▼

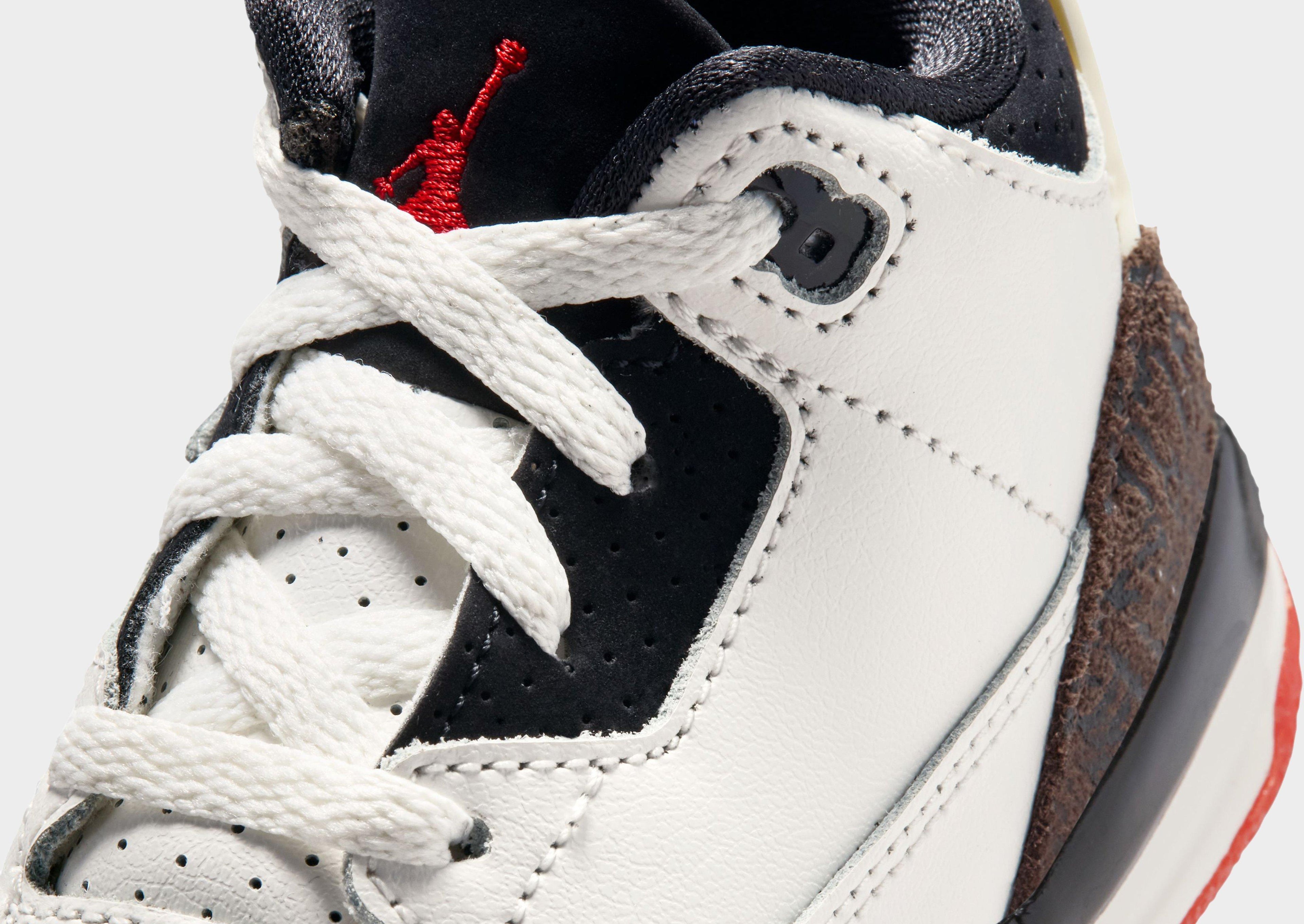 Air 3 Retro 'World's Best' Infant's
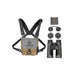Leupold Optics BX-2 Alpine HD 10x52mm Binoculars Package Inclusion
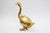 1970s Large Brass Duck Sculpture, 1970s For Sale - Image 5 of 8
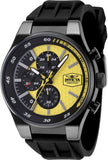 Invicta Men's 44mm Invicta Racing Quartz Chronograph Silicone Strap Watch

▲

* _YOUR OBJECTIVE_: From the data above, write out everything exactly except the pictures.

* _ANSWER TO THE PROBLEM_:
 Air 3 Retro 'World's Best' Infant's
Leupold Optics BX-2 Alpine HD 10x52mm Binoculars Package Inclusion
 1970s Large Brass Duck Sculpture, 1970s For Sale - Image 5 of 8
 Invicta Men's 44mm Invicta Racing Quartz Chronograph Silicone Strap Watch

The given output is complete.